RICS survey casts doubt on plan to boost institutional investment in infrastructure

Plans by chancellor George Osborne to boost private funding of infrastructure projects will fail, surveyors have predicted.

The RICS Construction Market Survey for the last quarter of 2011 revealed that only 14% of surveyors believe the chancellor will be successful in his Autumn Statement pledge to generate sufficient institutional funding for planned infrastructure projects.

There was also scepticism about the coalition’s Get Britain Building Fund aimed at boosting housing supply, with only a quarter of surveyors believing this will impact positively on the sector.

Overall, the survey found the construction industry continuing to stall during the final three months of last year, with the number of respondents reporting falling workloads up seven percentage points.

Private sector construction remained relatively flat, the survey indicated, whereas overall public projects continued to fall, with 17% of surveyors reporting falls rather than rises in levels of public housing construction.
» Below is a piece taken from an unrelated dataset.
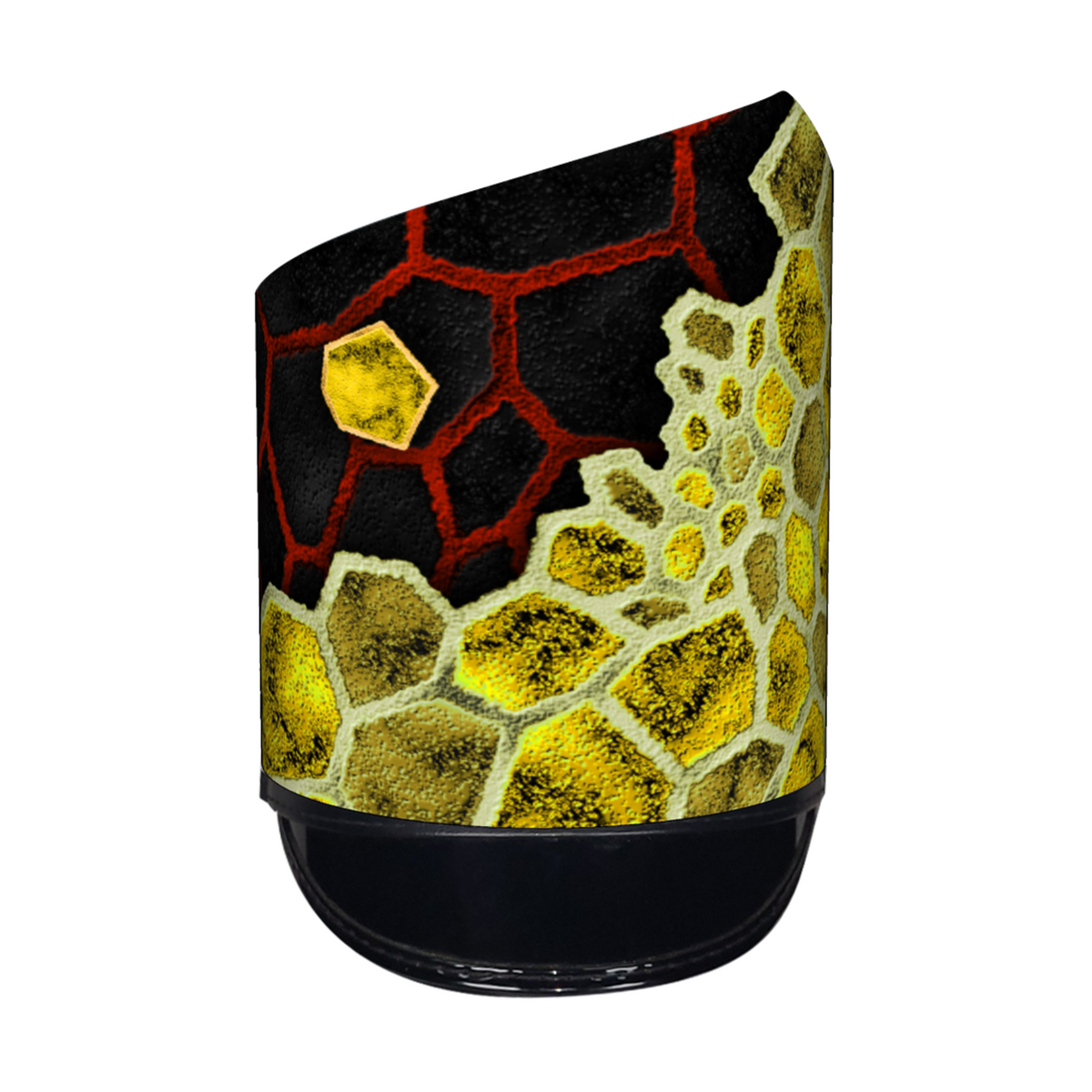 Molten Geode - SHAKO X WRAP – Synced Up Designs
Simon Rubinsohn, RICS chief economist, said: “Predictably, with workloads continuing to fall and costs slowly increasing towards the end of the year, the outlook for the construction industry remains rather downbeat with no prospect of improvement in sight.

“Particularly worrying are the questions being raised over the government’s plan to secure institutional funding for infrastructure projects. We would hope that this scepticism proves to be overly pessimistic, but the responses highlight the sizable job the government still has to do in convincing industry professionals that this approach is going to deliver.”

Across the UK, the survey pointed to a continuing North-South divide with only London and the South-east reporting positive net balance readings. There are also no sign that the pressure being felt by the SME sector is lessening with a majority of respondents seeing recent government initiatives as being unhelpful for SMEs.

Looking forward, surveyors expect overall workloads to stagnate over the next twelve months and employment in the construction sector to fall further.

Materials costs continue to rise with a net balance of 19% of surveyors reporting increasing costs. As result, expectations for future profits are downbeat with 44% surveyors predicting future margins to decrease rather than increase over the coming year.